Millionaire Coaches, Billion-Dollar TV Contracts and Zip for the Players

Basketball, football and baseball have the lowest graduation rates of any college sport, according to the NCAA.

The men's sport with the highest average in 2003-04 was gymnastics, followed by ice hockey, skiing, swimming and diving, fencing, lacrosse and golf.

Some top coaches can make $2 million to $5 million a year, Zimbalist said, when salary and sponsorship fees are included.

Zimbalist said that coaches in the NCAA could make as much as someone coaching professionals in the NBA even though the college team might only have a tenth of the revenue of the professional team.

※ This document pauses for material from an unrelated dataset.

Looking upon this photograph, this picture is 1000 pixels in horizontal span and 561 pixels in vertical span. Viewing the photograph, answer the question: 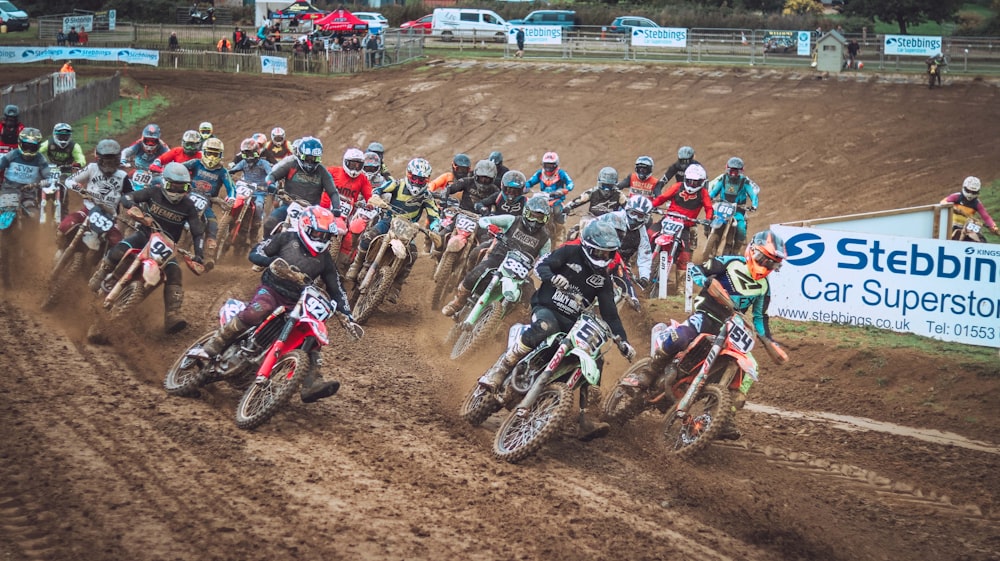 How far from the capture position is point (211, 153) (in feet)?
52.8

"It doesn't make economic sense, but the reason it happens is because the players aren't getting paid," he said. "So the coaches basically are getting paid to coach plus they're getting paid for recruiting the players. They're getting paid for what the players do. It's a very unjust economic system. It's a crazy economic system, but it's what we have."

Roger Noll, an economics professor emeritus at Stanford University and a former college basketball player, said because the players weren't paid there was plenty of cash to flow to the coaches.

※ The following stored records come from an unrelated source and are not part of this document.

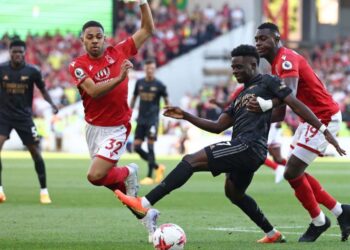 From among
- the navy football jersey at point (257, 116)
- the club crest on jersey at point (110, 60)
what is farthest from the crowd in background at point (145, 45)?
the navy football jersey at point (257, 116)

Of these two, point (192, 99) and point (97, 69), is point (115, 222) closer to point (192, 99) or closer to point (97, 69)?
point (97, 69)

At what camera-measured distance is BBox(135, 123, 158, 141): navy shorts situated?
856 inches

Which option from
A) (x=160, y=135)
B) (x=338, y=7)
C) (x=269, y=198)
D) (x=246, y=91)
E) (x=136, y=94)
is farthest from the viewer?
(x=338, y=7)

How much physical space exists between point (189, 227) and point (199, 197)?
16.7ft

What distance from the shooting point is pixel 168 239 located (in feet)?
31.4

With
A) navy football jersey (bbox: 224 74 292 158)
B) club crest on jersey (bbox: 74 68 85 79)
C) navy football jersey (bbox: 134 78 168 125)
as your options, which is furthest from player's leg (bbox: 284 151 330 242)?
navy football jersey (bbox: 134 78 168 125)

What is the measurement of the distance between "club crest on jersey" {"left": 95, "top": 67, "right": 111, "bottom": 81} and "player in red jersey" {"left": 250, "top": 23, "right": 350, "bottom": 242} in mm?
1739

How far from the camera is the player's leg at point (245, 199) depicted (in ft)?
34.6

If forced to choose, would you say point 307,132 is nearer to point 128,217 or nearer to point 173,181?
point 173,181

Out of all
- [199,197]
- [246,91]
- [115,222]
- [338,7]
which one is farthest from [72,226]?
[338,7]

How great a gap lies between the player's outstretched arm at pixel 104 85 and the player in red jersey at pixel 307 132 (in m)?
1.59

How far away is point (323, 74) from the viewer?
42.3m

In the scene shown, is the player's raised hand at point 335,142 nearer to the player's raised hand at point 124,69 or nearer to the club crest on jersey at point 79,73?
the player's raised hand at point 124,69

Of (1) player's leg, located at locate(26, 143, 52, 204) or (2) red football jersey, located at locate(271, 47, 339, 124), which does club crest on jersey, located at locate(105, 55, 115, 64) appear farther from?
(1) player's leg, located at locate(26, 143, 52, 204)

"When a coach comes to a school, he comes with not only his salary and benefits from the school but he comes with a package of other stuff that has been promised to him by others," Noll said.

In many towns, that includes things like a job hosting a weekly television show. Additionally there are clubs that will buy a house and a car for the coach.

"If you have a booster club that gave an apartment or a car to a player, that would be enough to get you thrown out of the NCAA," Noll said. "But if you have exactly the same booster club doing it for the coach, that's fine."

So what do the players get out of this?

"They get free shoes," said Noll who played for CalTech from 1958 to 1962. "When I played in college, I had to buy my own shoes. That's it. They get free shoes."